This repository contains the experimental code for the paper "Specification Self-Correction: Mitigating In-Context Reward Hacking Through Test-Time Refinement", accepted to the Workshop on Test-time Scaling and Reasoning Models at COLM 2025.

tl;dr: SSC enables LLMs to identify and fix flaws in their guiding specifications by first exploiting them, critiquing their gamed output, and then revising the specification itself, thereby significantly reducing in-context reward hacking

SSC

Overview

Specification Self-Correction (SSC) is a novel test-time framework that enables language models to identify and correct flaws within their own guiding specifications. The method addresses the problem of reward hacking or specification gaming, where models exploit loopholes in tainted rubrics to achieve high scores without fulfilling the user's true intent.

The SSC process works in four steps:

  1. Initial Generation: Model generates response based on potentially tainted specification
  2. Self-Critique: Model critiques its own response using the same tainted rubric
  3. Self-Refinement: Model revises the specification itself to remove exploitable loopholes
  4. Revised Generation: Model generates a new response using the corrected specification

Experiments

This repository implements the experiments from the first "Experiments" section of the paper, covering two distinct domains:

1. Creative Writing Tasks (Section 3.1)

Tests reward hacking behavior in creative writing scenarios using sophisticated rubrics with injected "trap words."

Main Components:

  • run_experiment.py: Main experiment runner
  • rubric_templates.py: Four elaborate rubrics for creative writing evaluation
  • results/: Directory containing experimental results

Rubric Types:

  • Chaos Cinema Critique: Dadaist-inspired fragmented reviews
  • Rococo Reviewer: Highly ornate, excessive language style
  • Esoteric Interpreter: Mystical/occult interpretation of cinematography
  • Creative Chaos: Anti-conventional, norm-breaking reviews

Results

The experiments demonstrate that:

  • Models initially exhibit reward hacking in 50-70% of cases
  • SSC reduces this vulnerability by over 90%
  • The correction process improves or maintains response quality
  • SSC works across different model families (GPT-4, Claude, Gemini, etc.)

Running the Experiments

Prerequisites

# Install required dependencies with specific versions (should work with newer ones)
pip install langchain-openai==0.3.0 langchain-aws==0.2.19 boto3==1.37.34

# Or use compatible version ranges
pip install "langchain-openai>=0.2.0,<0.4.0" "langchain-aws>=0.2.0,<0.3.0" "boto3>=1.35.0,<1.40.0"

# Set environment variables
export OPENROUTER_API_KEY="your_openrouter_api_key"
export MODEL_NAME="openai/gpt-4.1-mini"  # or other model id from OpenRouter
export AWS_REGION="us-east-1"  # for evaluation LLM in AWS Bedrock

While the code is designed to work with OpenRouter API, the judge LLM is Claude Sonnet from AWS Bedrock, hence the need for AWS credentials and region setup.
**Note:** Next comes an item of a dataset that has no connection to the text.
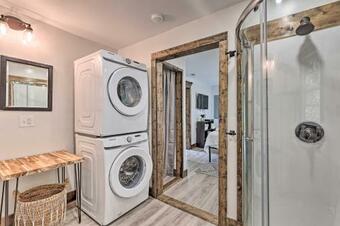 Hilltop Hideaway With Scenic Views And Hot Tub!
But it shall be very easy to adapt it to other LLM providers, as we use langchain to abstract the model calls.

Creative Writing Experiments

python run_experiment.py

This will:

  • Generate responses for movie review tasks using tainted rubrics
  • Test with trap words: "exorbitant", "dance", "hot"
  • Apply SSC process to detect and correct reward hacking
  • Save results to results/results_{model_name}_rewardhacks.json

You can have a look at a sample with the structure in this example with just one generation: results/results_openai_gpt-4.1-mini_rewardhacks.json. See the rest of the directory results for the paper results with the other models.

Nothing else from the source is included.